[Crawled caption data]
++++++++
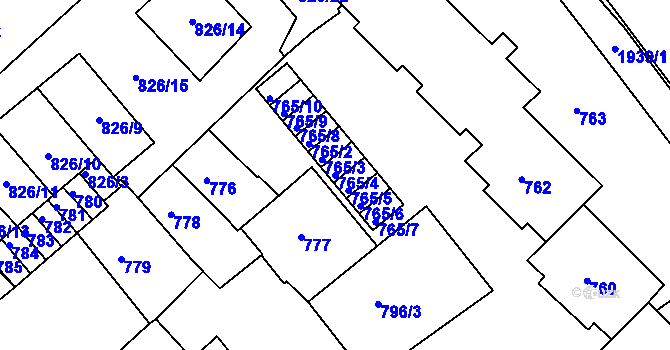 Parcela st. 765/4 v KÚ Bučovice, Katastrální mapa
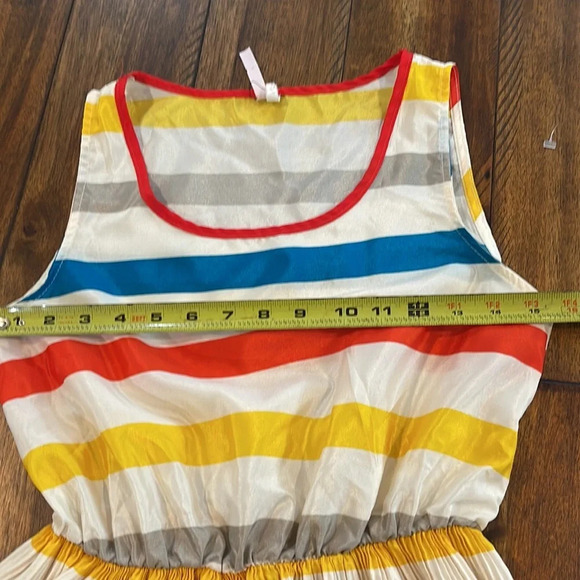 36 Point 5 Stripe Midi Multi color Sleeveless Dress flowy pleated Small (flaws) - Picture 15 of 16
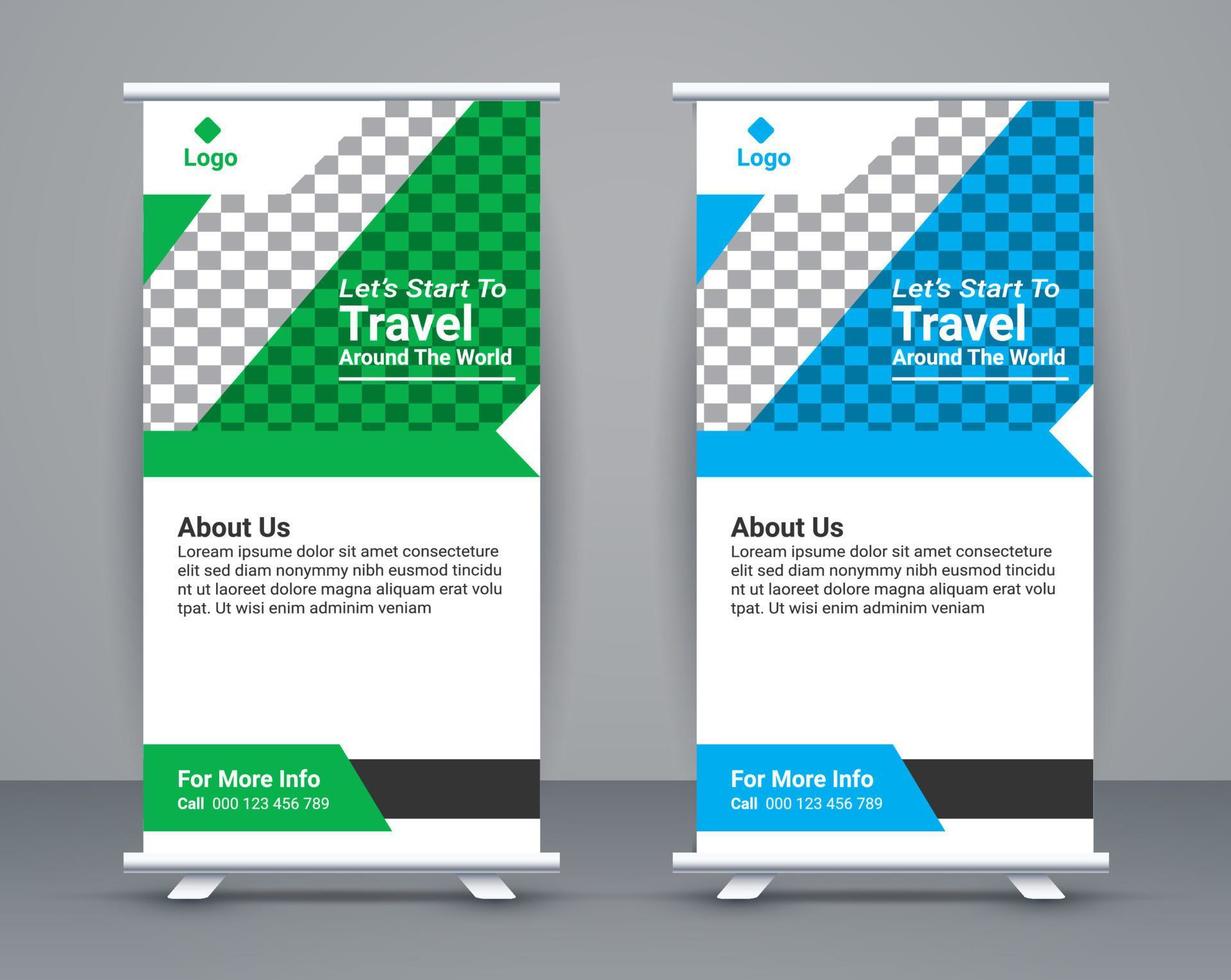 Roll up banner and travel banner template design free vector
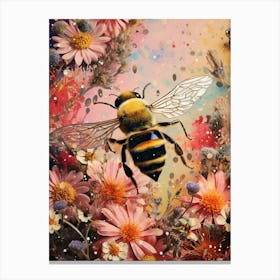 Floral Abstract Bee Collage Canvas Print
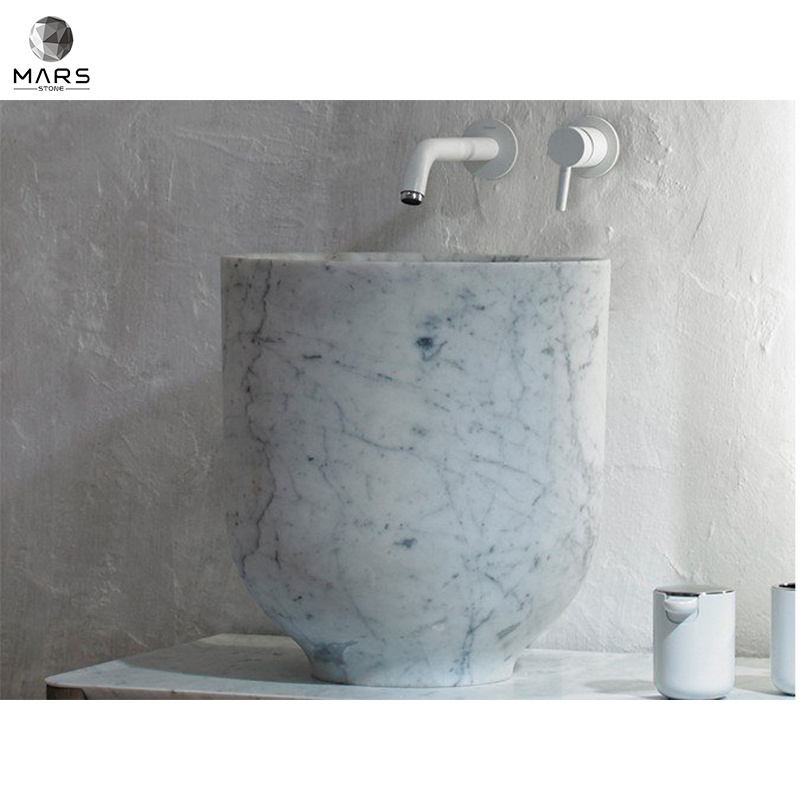 High Quality Counter Top Round Freestanding Single Marble Wash Basin Sink For Bathroom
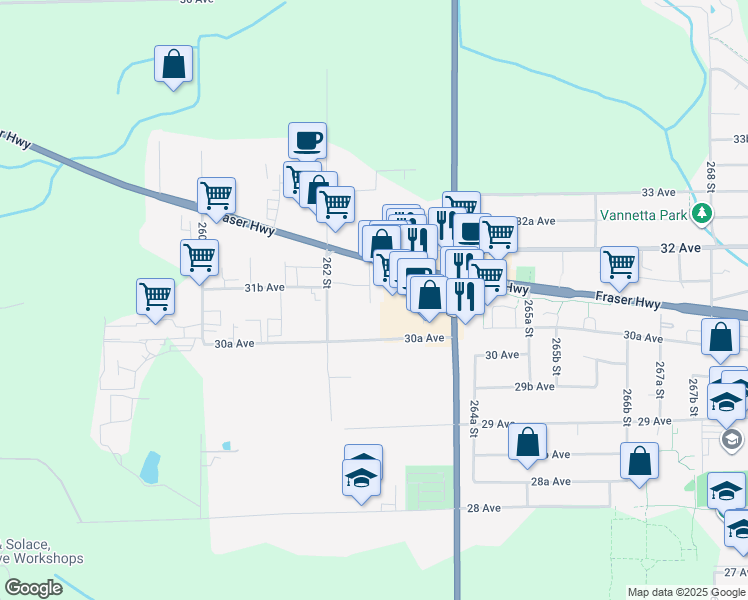 map of restaurants, bars, coffee shops, grocery stores, and more near 45349 262B Street in Langley Township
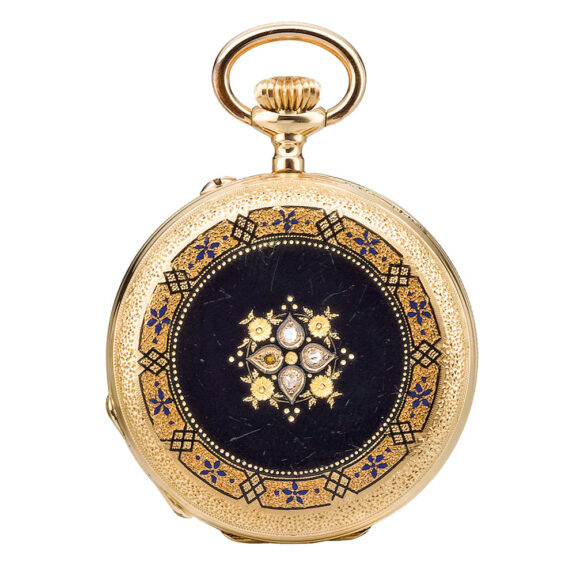 Swiss gold and enamel hunting cased watch Circa 1870 Swiss gold and enamel hunting cased watch Circa 1870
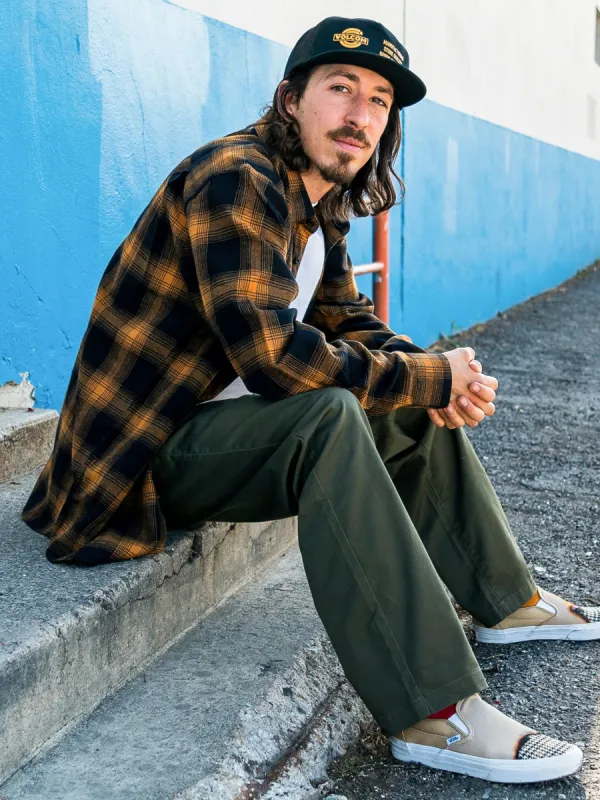 Netastone Long Sleeve Flannel - Rinsed Black sold by Volcom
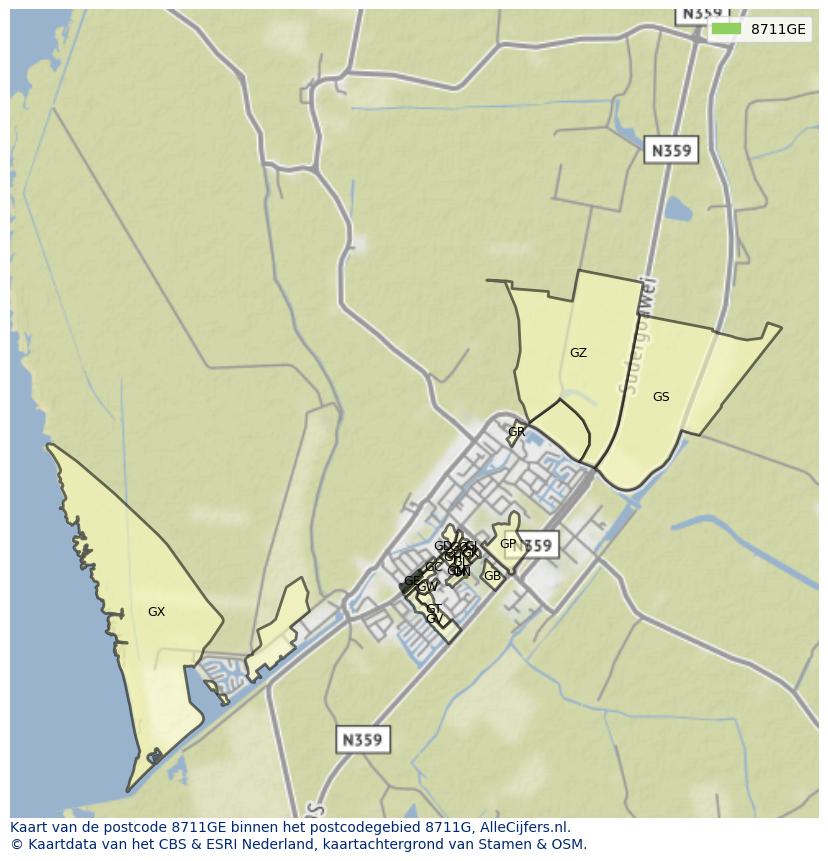 Afbeelding van het postcodegebied 8711 GE op de kaart.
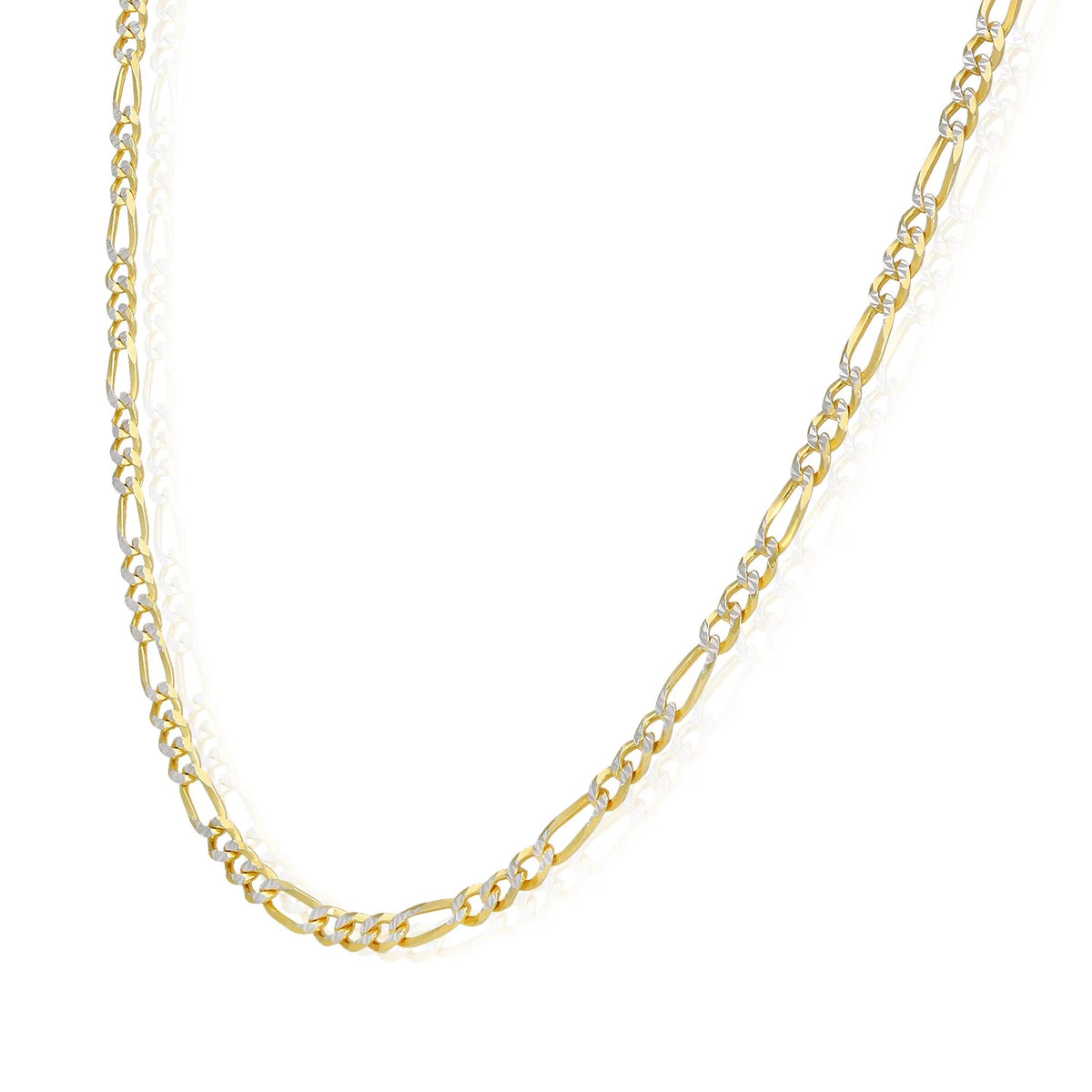 18K Gold Over Silver Diamond-Cut Figaro Chain Necklace W227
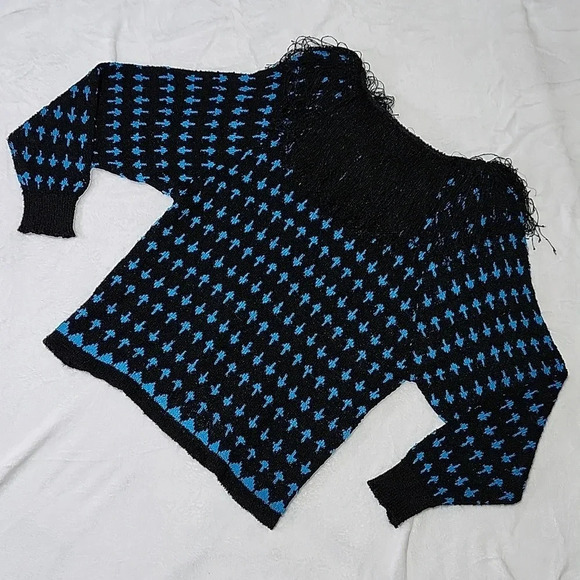 Vintage French Rags Hand Loomed Knit Sweater & Skirt Set Black Blue Fringe Size - Picture 6 of 13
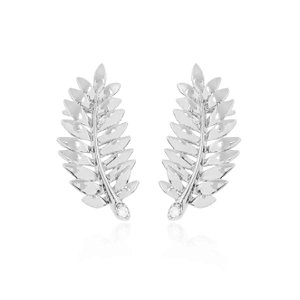 Brinco ear cuff de folha com mini zircônia em ródio branco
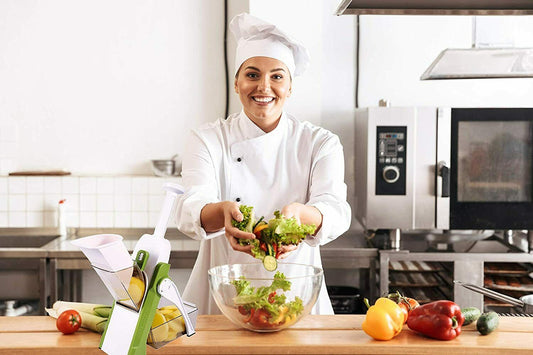 Safe Vertical Mandoline Slicer | 4-in-1 Adjustable Vegetable Cutter & Julienne Chopper with Hidden Blades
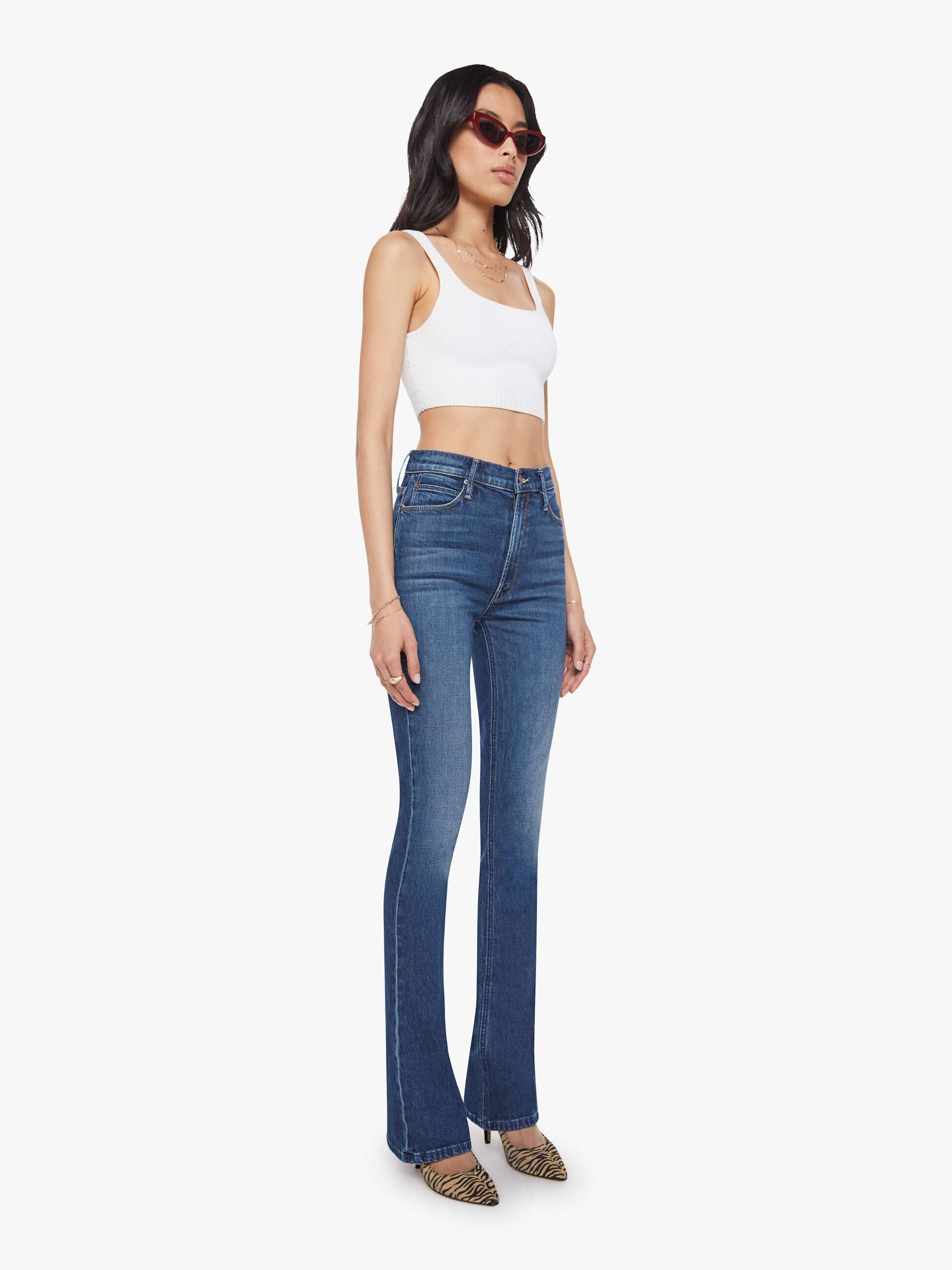 Women High Waisted Runaway | Mother Denim Blue (Navy)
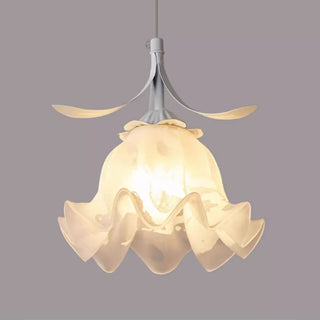 Elegant White Petal Glass Flower Bedroom Pendant Light Zawala Image - 7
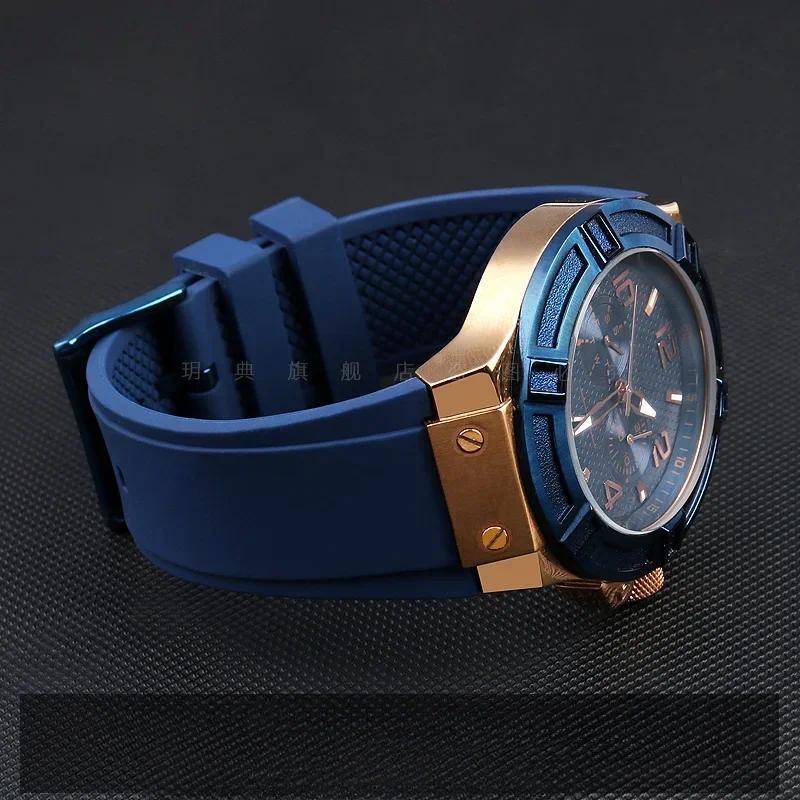 Sweatproof Breathable Silicone Watchbands for Guess Watch W0247G3 W0040G3 W0040G7 Series Convex Inte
++++++++
### Problem to solve
The records above should be repeated exactly, with every picture omitted.

### Exercise result
 Parcela st. 765/4 v KÚ Bučovice, Katastrální mapa
 36 Point 5 Stripe Midi Multi color Sleeveless Dress flowy pleated Small (flaws) - Picture 15 of 16
 Roll up banner and travel banner template design free vector
 Floral Abstract Bee Collage Canvas Print
 High Quality Counter Top Round Freestanding Single Marble Wash Basin Sink For Bathroom
 map of restaurants, bars, coffee shops, grocery stores, and more near 45349 262B Street in Langley Township
 Swiss gold and enamel hunting cased watch Circa 1870 Swiss gold and enamel hunting cased watch Circa 1870
 Netastone Long Sleeve Flannel - Rinsed Black sold by Volcom
 Afbeelding van het postcodegebied 8711 GE op de kaart.
 18K Gold Over Silver Diamond-Cut Figaro Chain Necklace W227
 Vintage French Rags Hand Loomed Knit Sweater & Skirt Set Black Blue Fringe Size - Picture 6 of 13
 Brinco ear cuff de folha com mini zircônia em ródio branco
 Safe Vertical Mandoline Slicer | 4-in-1 Adjustable Vegetable Cutter & Julienne Chopper with Hidden Blades
 Women High Waisted Runaway | Mother Denim Blue (Navy)
 Elegant White Petal Glass Flower Bedroom Pendant Light Zawala Image - 7
 Sweatproof Breathable Silicone Watchbands for Guess Watch W0247G3 W0040G3 W0040G7 Series Convex Inte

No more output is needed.